What to produce -
Whenever a line below mentions the word "Used", that line should be copied.

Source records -
------------------------------------------------------------
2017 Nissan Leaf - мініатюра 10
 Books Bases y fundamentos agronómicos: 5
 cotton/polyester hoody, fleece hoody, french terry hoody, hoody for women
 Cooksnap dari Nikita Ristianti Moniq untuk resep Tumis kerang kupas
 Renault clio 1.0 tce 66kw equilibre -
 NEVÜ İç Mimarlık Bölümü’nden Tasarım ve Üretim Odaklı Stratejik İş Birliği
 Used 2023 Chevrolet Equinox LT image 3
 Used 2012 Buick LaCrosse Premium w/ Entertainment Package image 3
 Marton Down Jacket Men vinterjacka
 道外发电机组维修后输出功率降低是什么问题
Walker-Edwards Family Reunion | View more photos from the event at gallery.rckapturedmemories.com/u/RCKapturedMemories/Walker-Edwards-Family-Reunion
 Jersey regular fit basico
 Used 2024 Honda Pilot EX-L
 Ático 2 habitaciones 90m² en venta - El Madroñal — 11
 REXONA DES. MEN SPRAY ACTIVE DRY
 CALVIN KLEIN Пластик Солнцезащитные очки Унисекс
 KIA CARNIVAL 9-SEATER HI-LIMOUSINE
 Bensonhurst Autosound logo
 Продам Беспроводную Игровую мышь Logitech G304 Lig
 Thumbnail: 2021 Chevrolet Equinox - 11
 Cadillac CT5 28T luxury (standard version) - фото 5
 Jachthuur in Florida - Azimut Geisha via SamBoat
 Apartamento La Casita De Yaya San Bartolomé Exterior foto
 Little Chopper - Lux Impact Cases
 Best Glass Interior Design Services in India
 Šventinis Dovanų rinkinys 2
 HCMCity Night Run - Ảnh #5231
------------------------------------------------------------
The answer -
 Used 2023 Chevrolet Equinox LT image 3
 Used 2012 Buick LaCrosse Premium w/ Entertainment Package image 3
 Used 2024 Honda Pilot EX-L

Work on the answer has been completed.